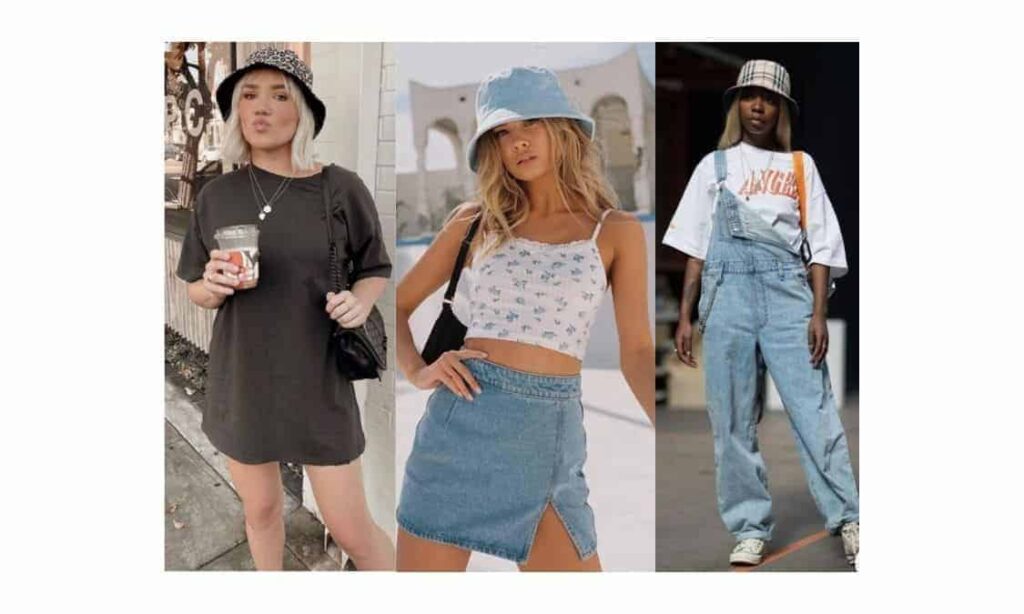 how to wear a bucket hat girl outfit fashion tips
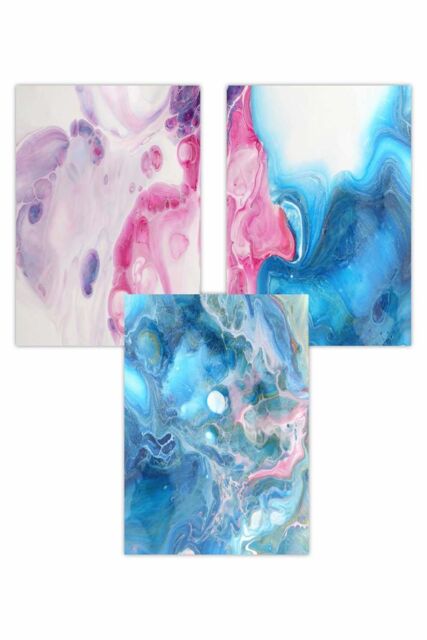 ARTZE Set of 3 Abstract Fluid Marble in Blue & Pink Art Posters - Size: W42 cm x H59 cm - image 1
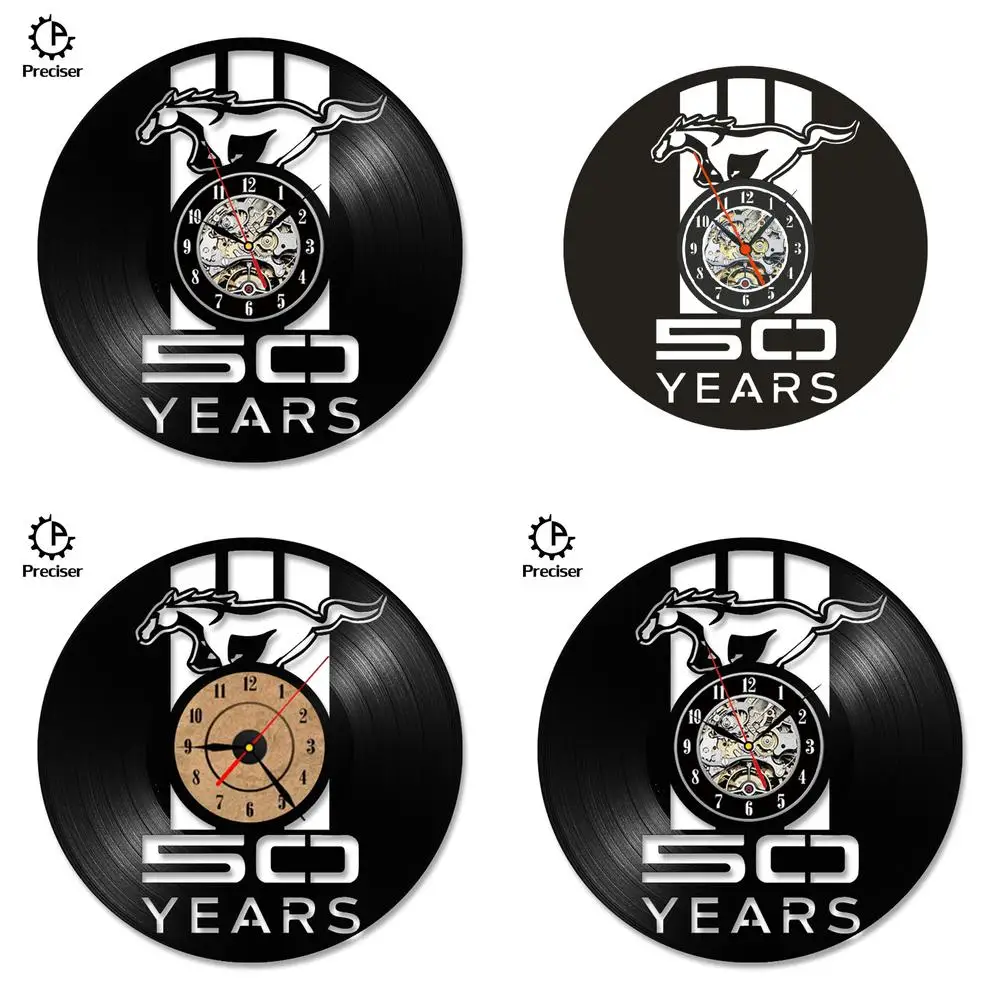 Mustang Vinyl Record Clock Creative Fashionable Animal Shaped Retro Wall Clock for Kids Room Decor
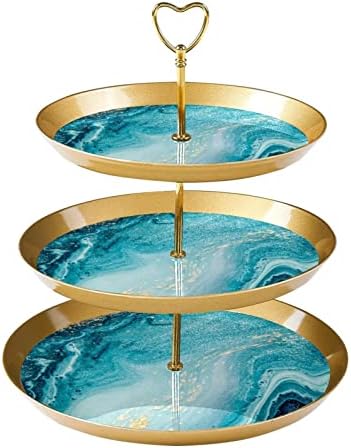 Stand de bolo de 3 camadas, redemoinhos abstratos de marmore de mármore Blue Gold Pattern Display Tower, suporte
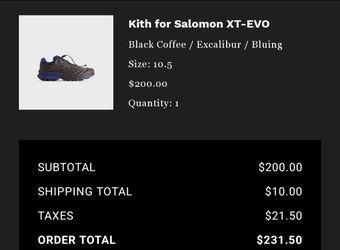Kith salomon 10.5 offer up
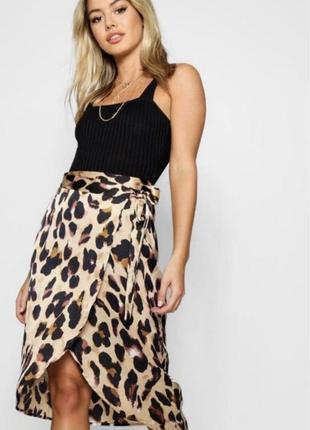 Стильная юбка юбка на запах леопард принт майка блузка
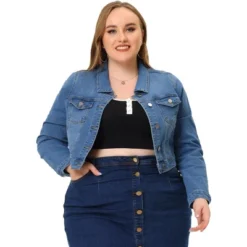 Agnes Orinda Women's Plus Size Cropped Long Sleeve Trendy Fashion Denim Jean Jackets -Agnes Sales Store GUEST c64247cd 3ab0 4c07 8c09 059d46e73409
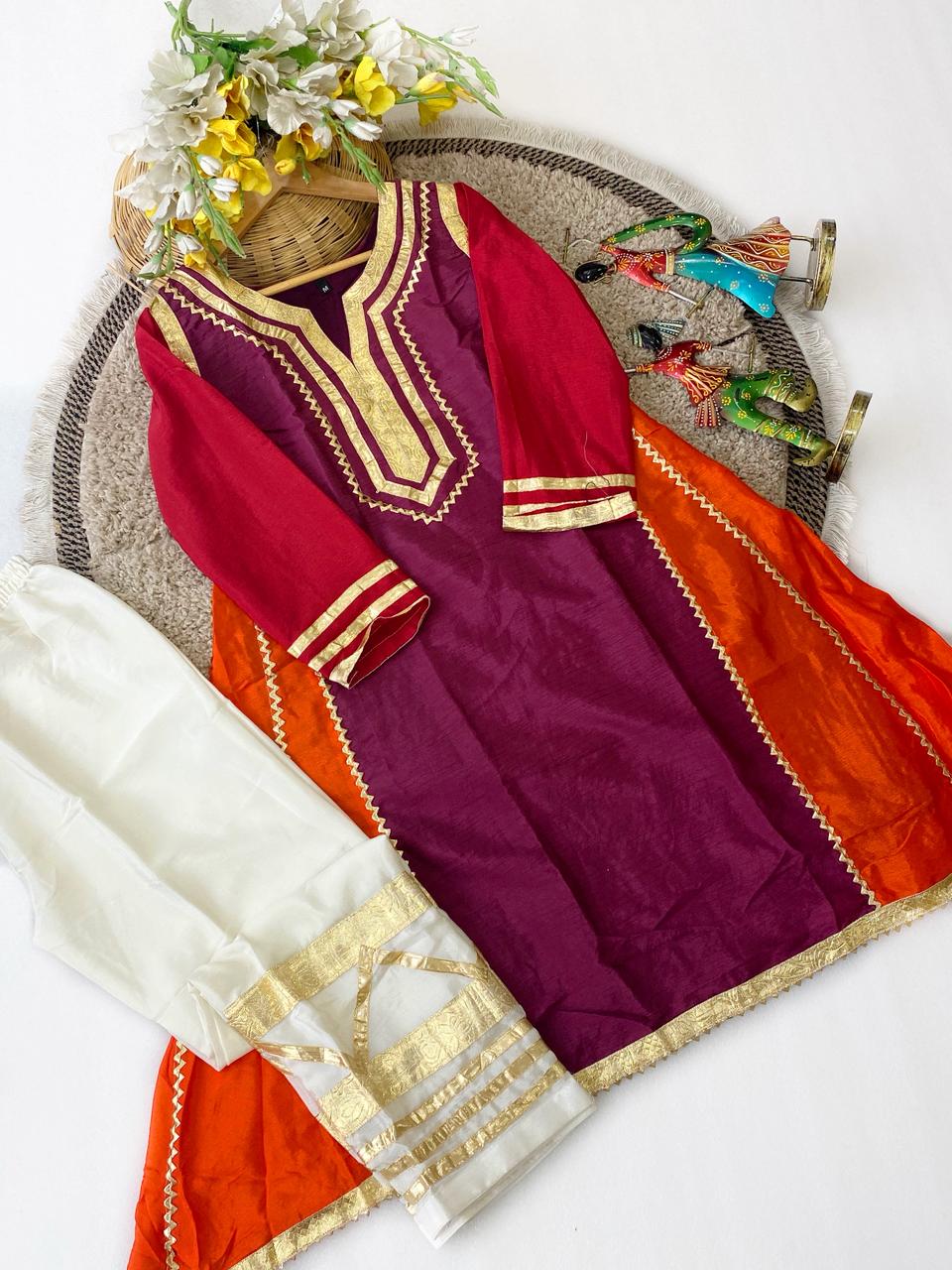 Designer Chinon Silk Co-Ord Set with Hand Gotta Lace Work for Women
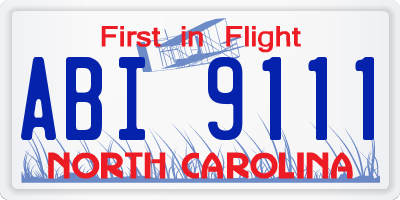 NC license plate ABI9111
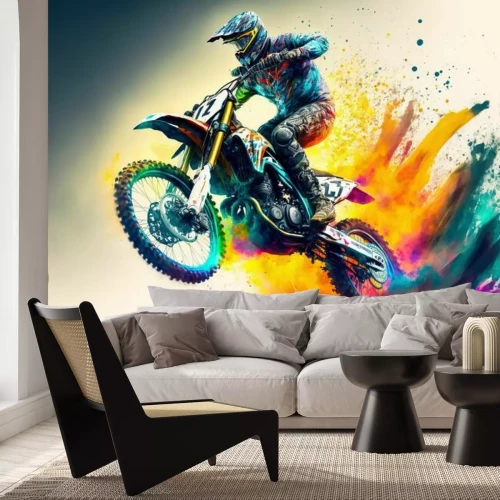 Papier peint  Dirt bike rider doing a big jump. Supercross, motocross, high speed. Sport concept. Digital art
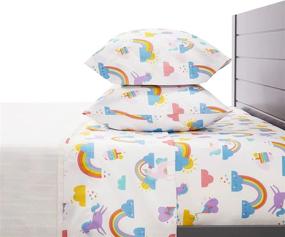 img 2 attached to 🦄 Rainbow and Unicorn Twin Size Bed Sheets Set │ Blue and White, Unisex Microfiber Bedding for Kids │ Durable, Wrinkle-Resistant, 3-Piece Collection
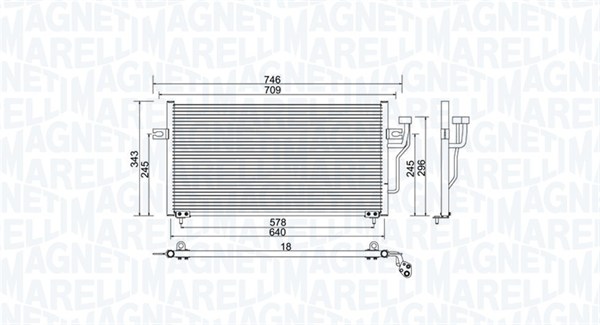 Condensator, climatizare 350203986000 MAGNETI MARELLI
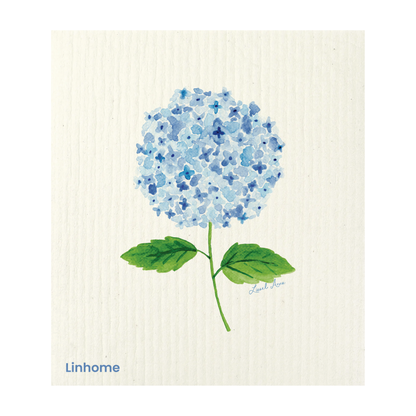 Blue Hydrangea Harmony – Linhome x Liesel Anne Swedish Dishcloths - 1 Pack
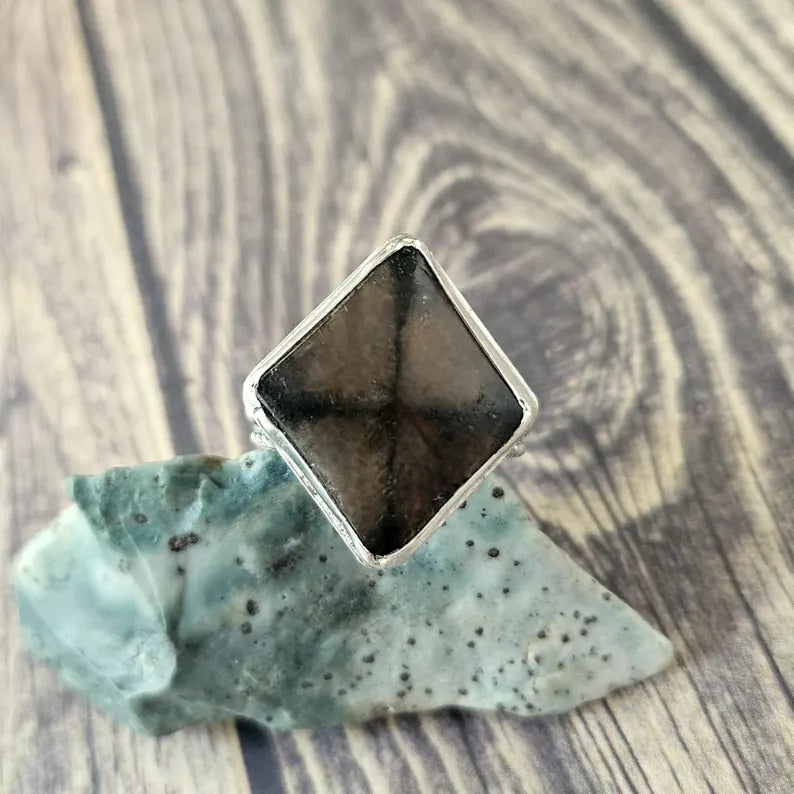 Handcut Trapiche Andalusite Sterling Silver Ring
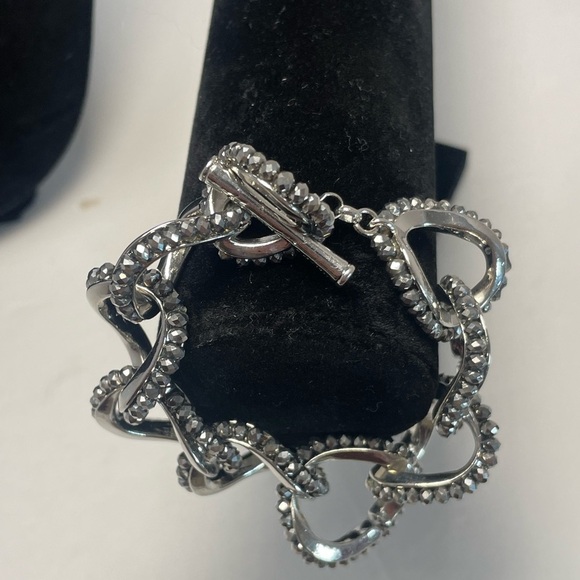 Kenneth Cole Silver Link Bracelet with Clear Rhinestones - Picture 2 of 5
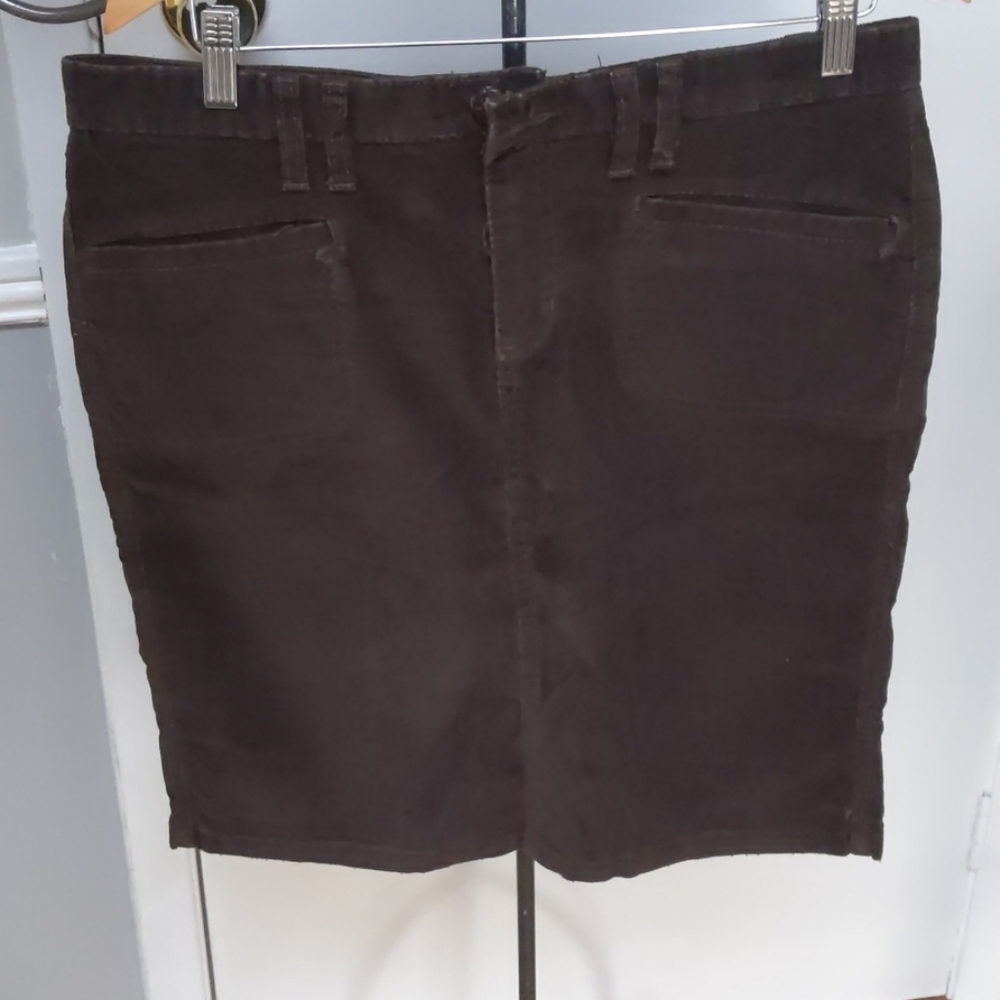 Y2K Vintage 2007 Old Navy Brown Corduroy Mini Skirt Stretch Size 8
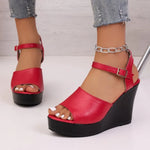 Women Sandals SummerPeep Toe Ankle Strap High Heels Ladies Wedges Platform SandalsParty
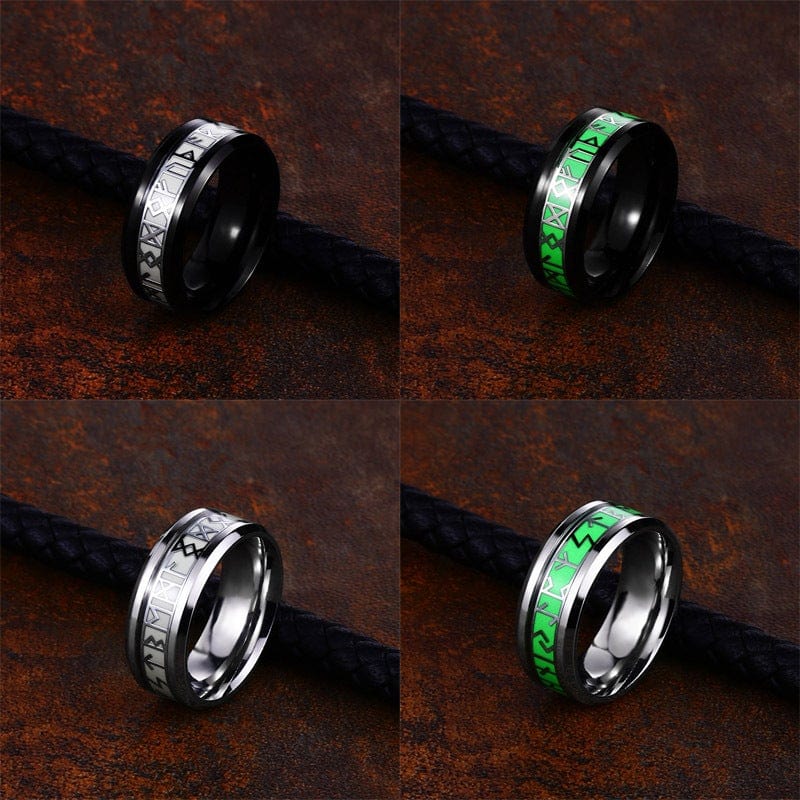 Kobine Men's Punk Viking Letter Carved Luminous Ring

# Assignment:
An exact copy of the listing is needed, minus its pictures.

# Reply:
 how to wear a bucket hat girl outfit fashion tips
 ARTZE Set of 3 Abstract Fluid Marble in Blue & Pink Art Posters - Size: W42 cm x H59 cm - image 1
 Mustang Vinyl Record Clock Creative Fashionable Animal Shaped Retro Wall Clock for Kids Room Decor
 Stand de bolo de 3 camadas, redemoinhos abstratos de marmore de mármore Blue Gold Pattern Display Tower, suporte
Kith salomon 10.5 offer up
 Стильная юбка юбка на запах леопард принт майка блузка
 Agnes Orinda Women's Plus Size Cropped Long Sleeve Trendy Fashion Denim Jean Jackets -Agnes Sales Store GUEST c64247cd 3ab0 4c07 8c09 059d46e73409
 Designer Chinon Silk Co-Ord Set with Hand Gotta Lace Work for Women
 NC license plate ABI9111
 Papier peint  Dirt bike rider doing a big jump. Supercross, motocross, high speed. Sport concept. Digital art
 img 2 attached to 🦄 Rainbow and Unicorn Twin Size Bed Sheets Set │ Blue and White, Unisex Microfiber Bedding for Kids │ Durable, Wrinkle-Resistant, 3-Piece Collection
 Condensator, climatizare 350203986000 MAGNETI MARELLI
 Blue Hydrangea Harmony – Linhome x Liesel Anne Swedish Dishcloths - 1 Pack
 Handcut Trapiche Andalusite Sterling Silver Ring
 Kenneth Cole Silver Link Bracelet with Clear Rhinestones - Picture 2 of 5
 Y2K Vintage 2007 Old Navy Brown Corduroy Mini Skirt Stretch Size 8
 Women Sandals SummerPeep Toe Ankle Strap High Heels Ladies Wedges Platform SandalsParty
 Kobine Men's Punk Viking Letter Carved Luminous Ring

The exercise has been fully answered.